2025 epc regulations (1)

2025 EPC Regulations: How to Help Your Landlords Avoid a Costly Mistake

The Government plans to require rental properties to achieve an EPC rating of C by 2030. However, making major investments now could potentially hinder your clients’ progress.

Government data shows that 52% of Private Rented Sector (PRS) properties currently fall below a C rating. Additionally, many property owners are increasingly worried about the potential costs of meeting the new regulations, which could run into thousands of pounds.

This blog will outline everything you need to know about the new EPC regulations and their impact on the rental market as well as provide guidance on how to advise your landlords, helping them stay compliant while saving money.

What Are the Proposed Changes to EPC Compliance?

PRS properties are currently expected to have a minimum EPC rating of E. However, the Government intends to raise this requirement to a minimum EPC rating of C by 2030.

This change aims to help over a million renters escape fuel poverty by ensuring homes are more energy-efficient, reducing heating costs, and supporting the UK’s goal of reaching net-zero carbon emissions by 2050.

While an exact implementation timeline has yet to be confirmed, the Government’s February 2025 consultation, Improving the Energy Performance of Privately Rented Homes in England and Wales, provided some clarity.

The proposal suggests that:

  • From 2028, new tenancies must meet an EPC C rating.
  • By 2030, all rental properties, regardless of tenancy status, must comply.

Additionally, the consultation outlines potential changes to the EPC grading system. It proposes that landlords prioritise improving a property’s fabric performance metric, which would require similar upgrades to those needed for achieving an EPC C rating under the current system. Further compliance would involve meeting standards based on either the heating system metric or the smart readiness metric.

However, the consultation also states that this is just one approach and invites feedback on alternative methods.

What the new EPC regulations mean for Landlords and Agents?

Impact on Landlords

The financial challenge of meeting the new EPC standards is significant. According to Government data, private rental properties will require an average investment of £6,864 to comply.

However, there is a clear gap between the cost of compliance and what landlords are willing to invest. Goodlord’s report indicates that most landlords are only prepared to spend around £2,400—far below the necessary amount.

This funding shortfall raises serious concerns. If landlords cannot afford or are unwilling to make the required upgrades, those with smaller portfolios may exit the market unless they receive adequate support.

Adding to the pressure, landlords who fail to meet the new EPC C requirement by 2030 could face fines of up to £30,000 or be banned from renting out their properties altogether.

Impact on Letting Agents

Letting agents also face significant challenges under the stricter EPC regulations. If compliance costs force landlords to leave the market, agents will see reduced property supply and increased competition, ultimately impacting revenue.

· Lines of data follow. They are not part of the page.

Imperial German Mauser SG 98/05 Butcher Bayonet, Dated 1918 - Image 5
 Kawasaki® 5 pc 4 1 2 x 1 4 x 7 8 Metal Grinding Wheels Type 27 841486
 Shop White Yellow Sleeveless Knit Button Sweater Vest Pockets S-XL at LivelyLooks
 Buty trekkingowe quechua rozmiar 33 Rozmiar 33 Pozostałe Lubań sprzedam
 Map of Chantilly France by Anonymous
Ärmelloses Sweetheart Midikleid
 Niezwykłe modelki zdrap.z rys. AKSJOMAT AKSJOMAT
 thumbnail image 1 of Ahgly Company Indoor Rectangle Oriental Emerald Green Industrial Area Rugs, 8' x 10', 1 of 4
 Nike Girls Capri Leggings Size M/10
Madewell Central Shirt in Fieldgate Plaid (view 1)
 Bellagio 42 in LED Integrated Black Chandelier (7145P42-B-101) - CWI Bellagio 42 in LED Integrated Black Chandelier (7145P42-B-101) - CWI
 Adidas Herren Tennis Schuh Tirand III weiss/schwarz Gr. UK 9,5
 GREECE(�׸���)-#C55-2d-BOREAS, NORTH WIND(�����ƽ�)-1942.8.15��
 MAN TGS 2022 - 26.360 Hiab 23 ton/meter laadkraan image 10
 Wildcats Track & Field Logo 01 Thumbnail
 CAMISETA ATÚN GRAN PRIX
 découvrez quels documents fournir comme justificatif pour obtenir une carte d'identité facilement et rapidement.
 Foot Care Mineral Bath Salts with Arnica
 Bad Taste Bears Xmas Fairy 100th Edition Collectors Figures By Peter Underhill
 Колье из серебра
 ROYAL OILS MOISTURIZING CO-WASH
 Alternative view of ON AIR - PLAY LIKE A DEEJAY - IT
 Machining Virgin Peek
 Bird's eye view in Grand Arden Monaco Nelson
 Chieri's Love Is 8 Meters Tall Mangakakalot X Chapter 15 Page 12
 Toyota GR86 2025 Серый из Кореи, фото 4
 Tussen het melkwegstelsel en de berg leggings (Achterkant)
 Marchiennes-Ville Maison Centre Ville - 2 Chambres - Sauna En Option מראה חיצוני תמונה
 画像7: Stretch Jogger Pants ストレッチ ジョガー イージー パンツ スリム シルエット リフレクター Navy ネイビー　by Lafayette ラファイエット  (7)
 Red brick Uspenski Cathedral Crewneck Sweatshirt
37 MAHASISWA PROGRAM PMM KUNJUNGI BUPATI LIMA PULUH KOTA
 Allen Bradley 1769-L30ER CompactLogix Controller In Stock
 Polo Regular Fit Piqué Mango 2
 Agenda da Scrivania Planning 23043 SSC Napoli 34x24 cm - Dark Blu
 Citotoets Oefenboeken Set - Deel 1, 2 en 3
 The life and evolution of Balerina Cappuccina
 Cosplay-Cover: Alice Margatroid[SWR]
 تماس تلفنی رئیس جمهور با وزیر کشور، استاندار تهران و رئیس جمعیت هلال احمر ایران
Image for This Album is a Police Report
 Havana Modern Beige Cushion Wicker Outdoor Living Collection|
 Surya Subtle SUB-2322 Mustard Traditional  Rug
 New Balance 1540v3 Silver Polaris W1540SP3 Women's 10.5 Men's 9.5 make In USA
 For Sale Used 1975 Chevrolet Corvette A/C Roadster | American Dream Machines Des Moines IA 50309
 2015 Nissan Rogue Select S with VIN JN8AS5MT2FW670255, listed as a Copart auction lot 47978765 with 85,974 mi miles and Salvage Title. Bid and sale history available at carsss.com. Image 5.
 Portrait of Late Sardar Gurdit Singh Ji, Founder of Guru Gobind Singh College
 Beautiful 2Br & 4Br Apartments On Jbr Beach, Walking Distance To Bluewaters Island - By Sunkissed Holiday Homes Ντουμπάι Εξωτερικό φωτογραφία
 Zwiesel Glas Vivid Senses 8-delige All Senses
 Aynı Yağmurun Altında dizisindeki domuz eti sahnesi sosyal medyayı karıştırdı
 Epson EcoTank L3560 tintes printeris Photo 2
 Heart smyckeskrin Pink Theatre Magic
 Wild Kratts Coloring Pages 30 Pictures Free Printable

Additionally, the evolving regulations create opportunities for scammers. Bad actors may offer landlords so-called “quick fixes” that could compromise compliance.

To protect your clients, it’s crucial to provide well-researched, effective upgrade recommendations and offer guidance on navigating these changes successfully.

Guiding Your Landlords to Higher EPC Ratings

Now that we’ve explored the proposed changes and their potential impact, let’s focus on how you can help your landlords take a strategic and measured approach to improving their EPC ratings.

1. Advise them to get an EPC assessment

The first step in enhancing an EPC rating is conducting a thorough assessment. According to a recent epIMS survey, 95% of landlords are unaware of their property’s EPC rating.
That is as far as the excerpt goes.